**Data under study**.

BEGIN

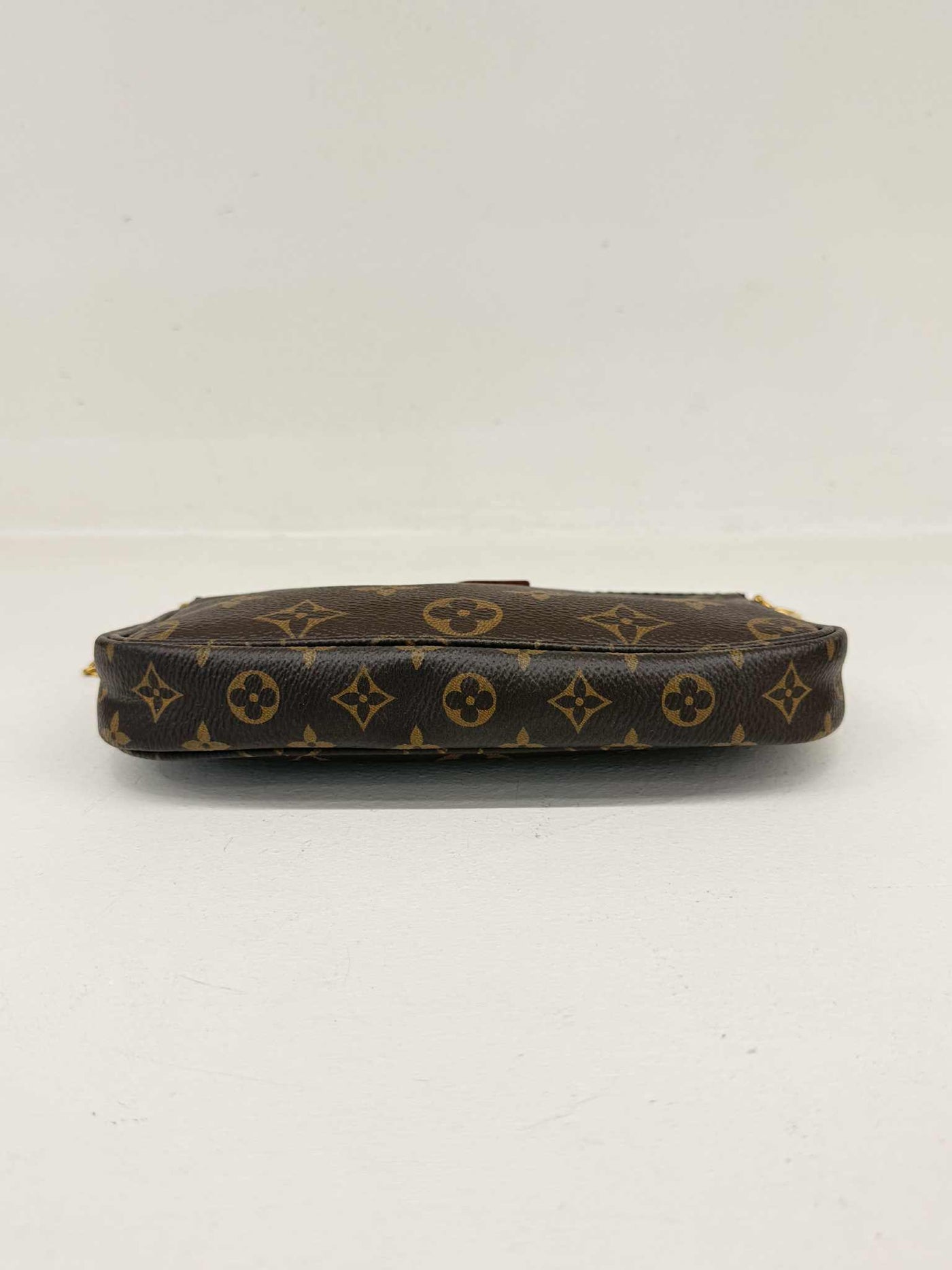 LOUIS VUITTON MULTI POCHETTE ACCESSOIRES R.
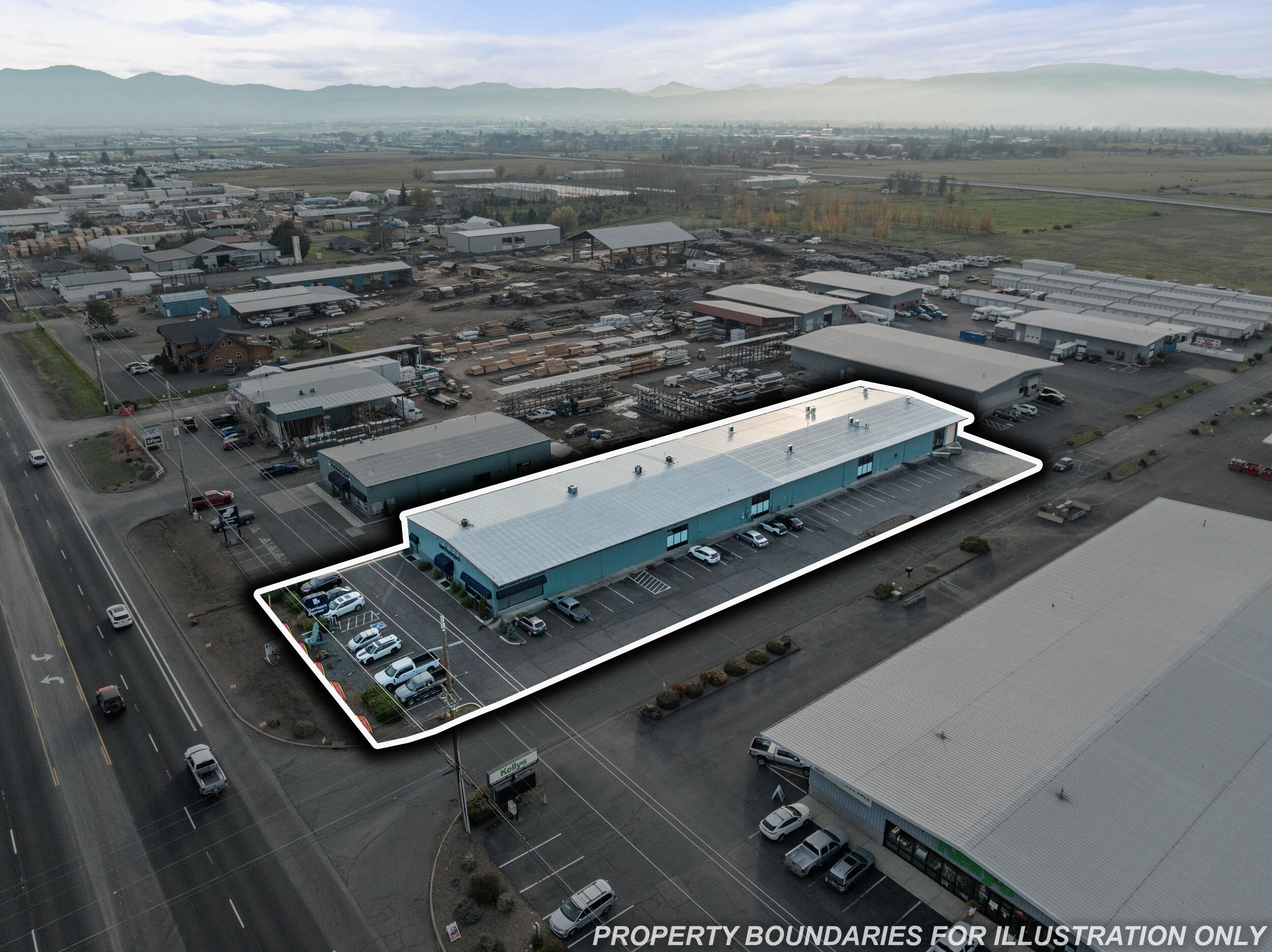 6435 Crater Lake Highway — photo
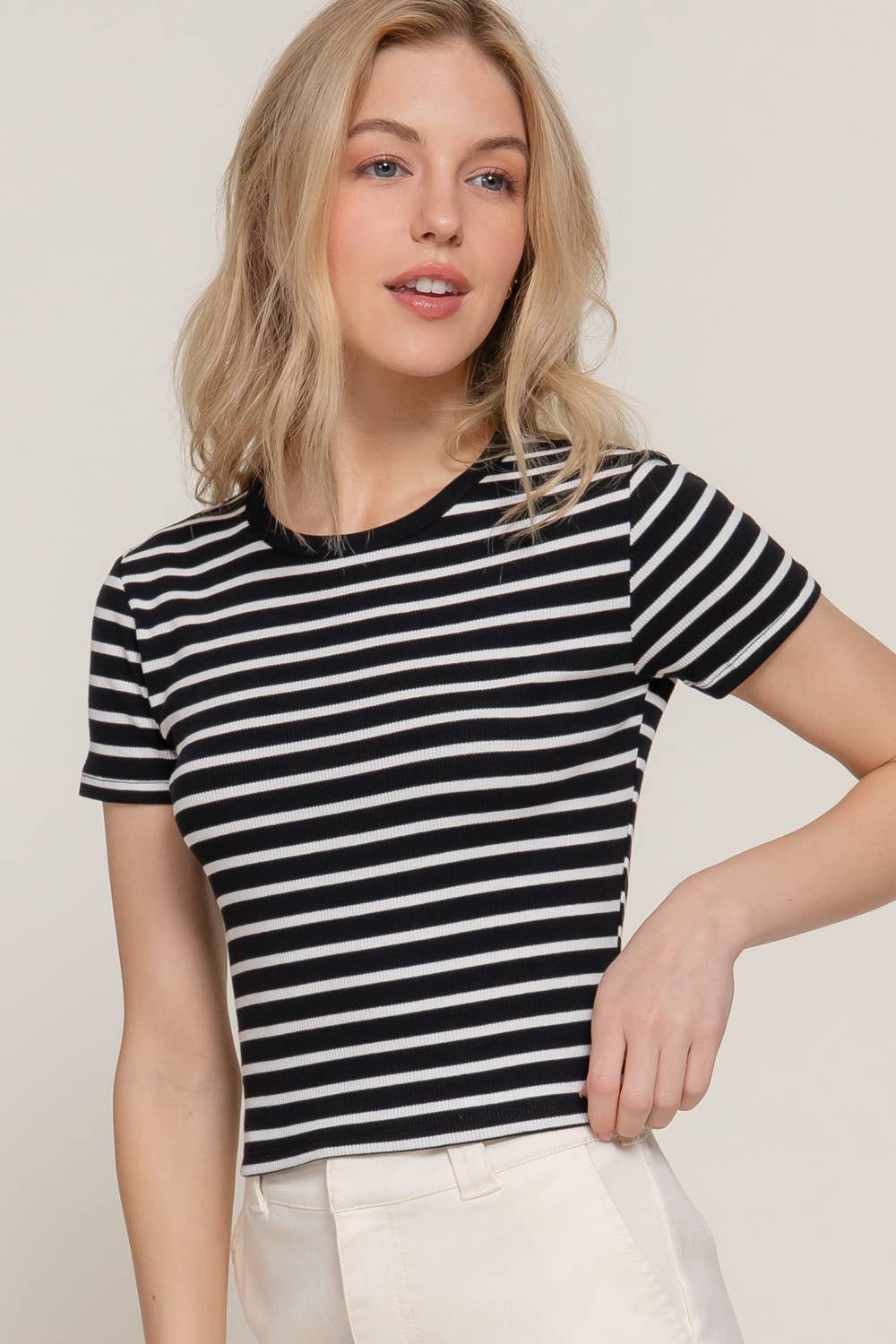 Active Basic | Active USA - Vendita all'ingrosso Top in maglia - Donna - Top a righe in cotone a costine con maniche corte e collo rotondo22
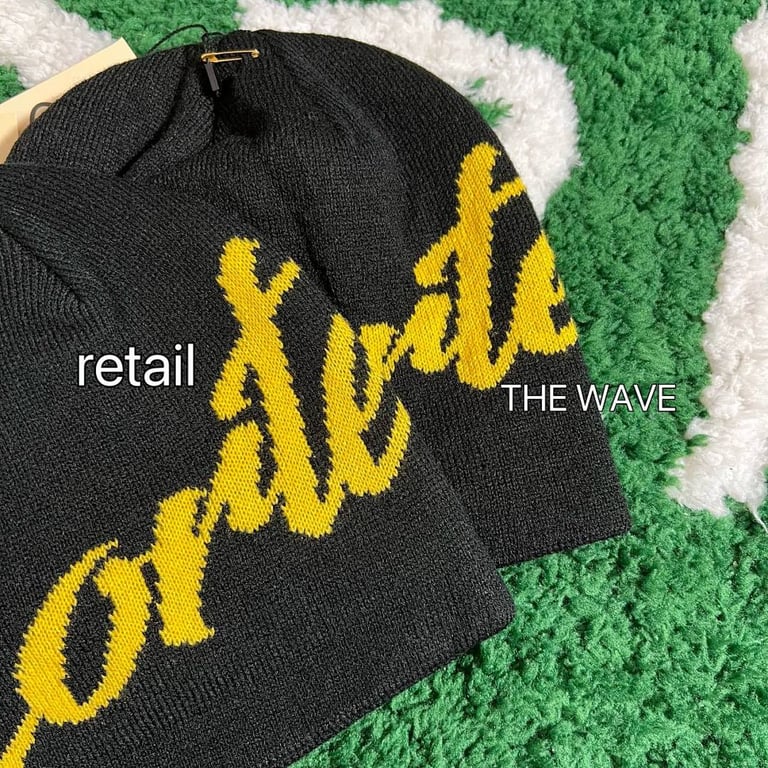 Corteiz Script Logo Beanie Black Yellow - 2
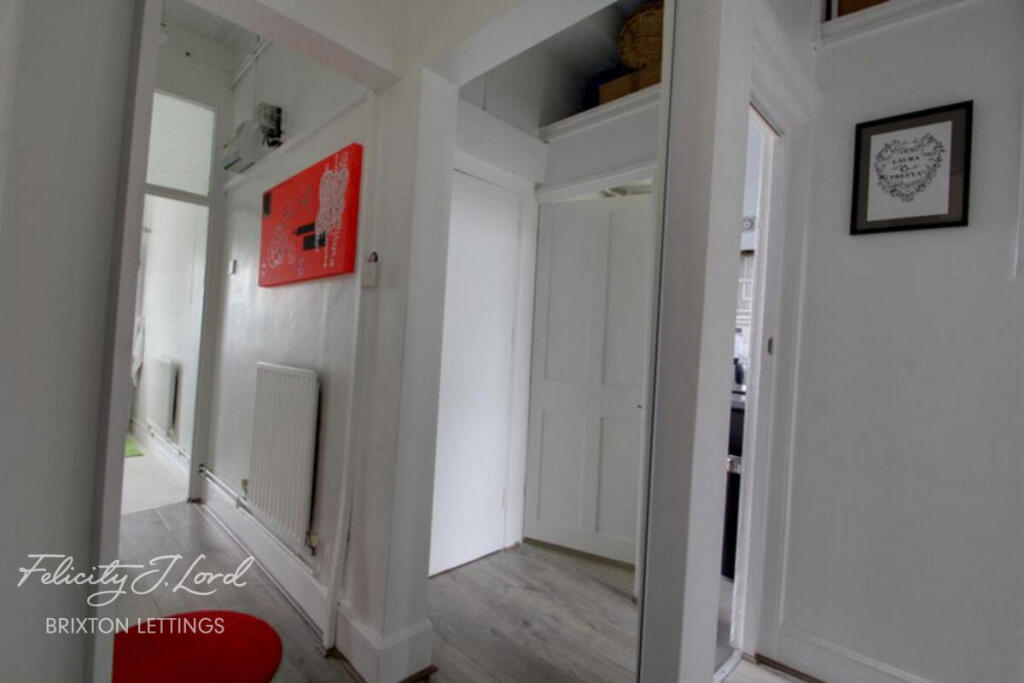 Apartment in London, Clapham Park, Brixton - View 4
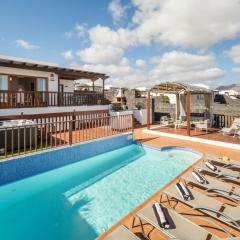 Villa 61 PlayaBlanca Lanzarote Pool Spa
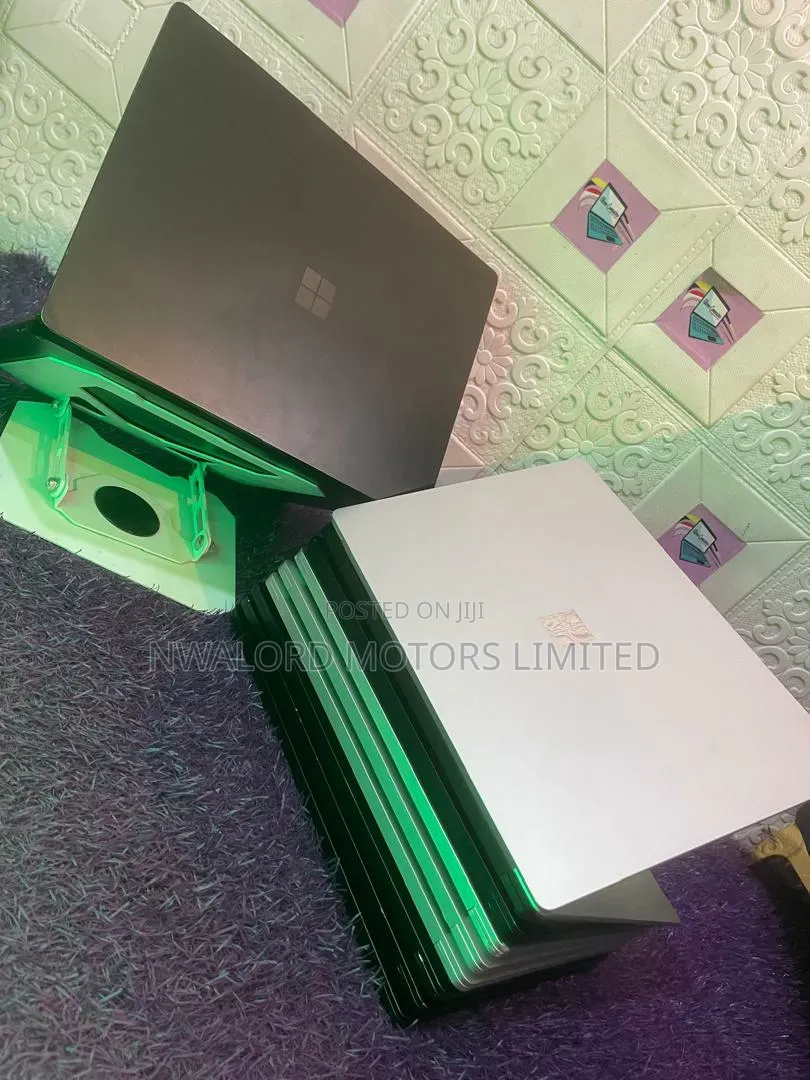 Laptop Microsoft Surface Laptop 4 8GB AMD Ryzen 7 SSD 256GB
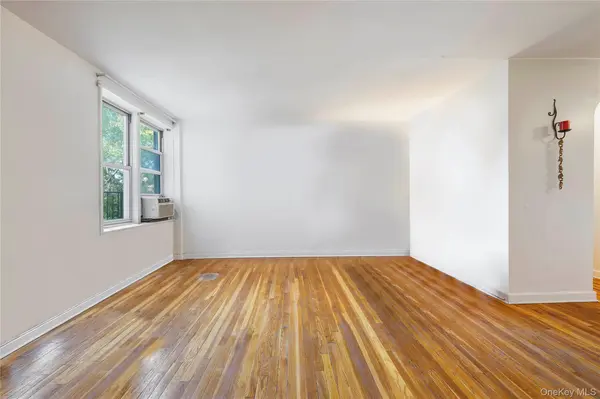 72-81 113th ST #6T, Forest Hills, NY 11375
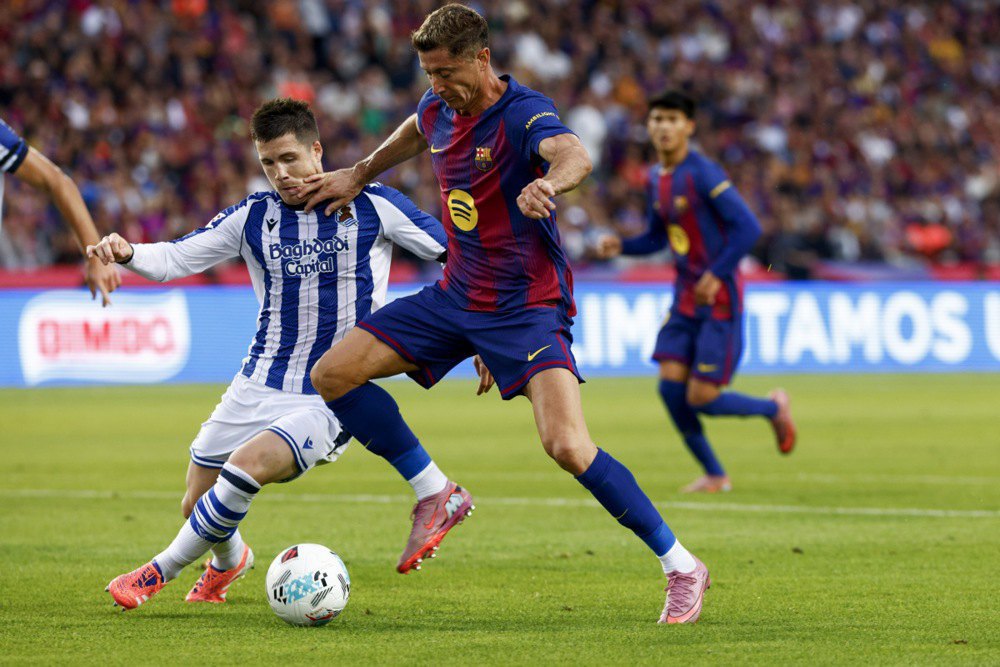 Левандовський закриває м'яч корпусом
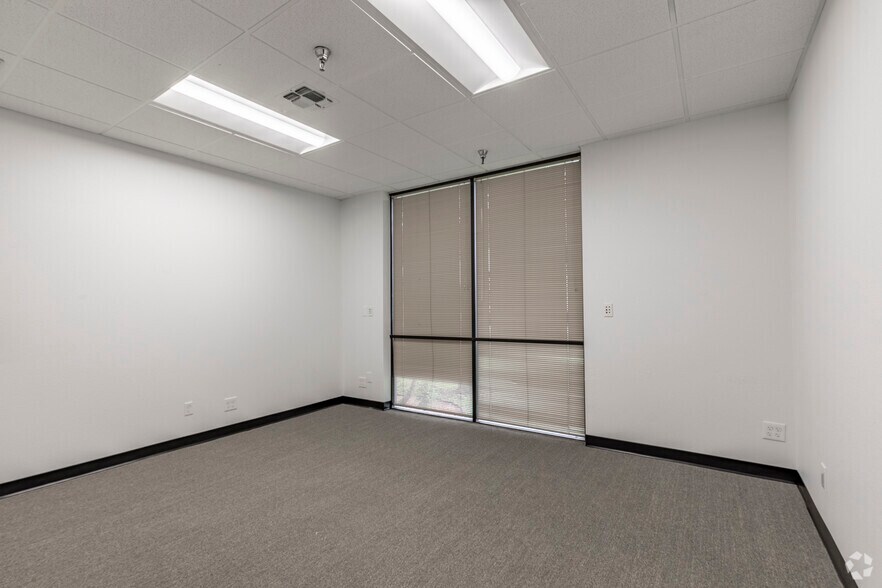 More Photos Of 5400-5410 Kaepa Ct, San Antonio Warehouse For Lease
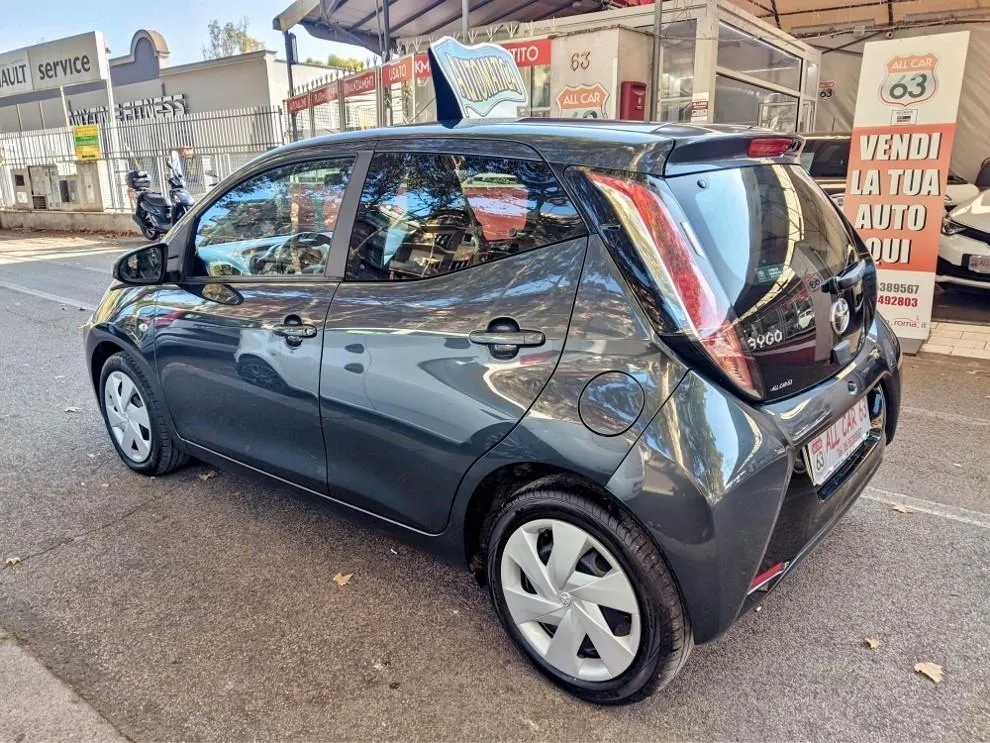 TOYOTA Aygo Image 6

END

**What the exercise asks**.
No pictures should appear in the copy; write out exactly the lines from the one containing "6435 Crater Lake Highway — photo" through the end of the material.

**Result of this exercise**.
 6435 Crater Lake Highway — photo
 Active Basic | Active USA - Vendita all'ingrosso Top in maglia - Donna - Top a righe in cotone a costine con maniche corte e collo rotondo22
 Corteiz Script Logo Beanie Black Yellow - 2
 Apartment in London, Clapham Park, Brixton - View 4
 Villa 61 PlayaBlanca Lanzarote Pool Spa
 Laptop Microsoft Surface Laptop 4 8GB AMD Ryzen 7 SSD 256GB
 72-81 113th ST #6T, Forest Hills, NY 11375
 Левандовський закриває м'яч корпусом
 More Photos Of 5400-5410 Kaepa Ct, San Antonio Warehouse For Lease
 TOYOTA Aygo Image 6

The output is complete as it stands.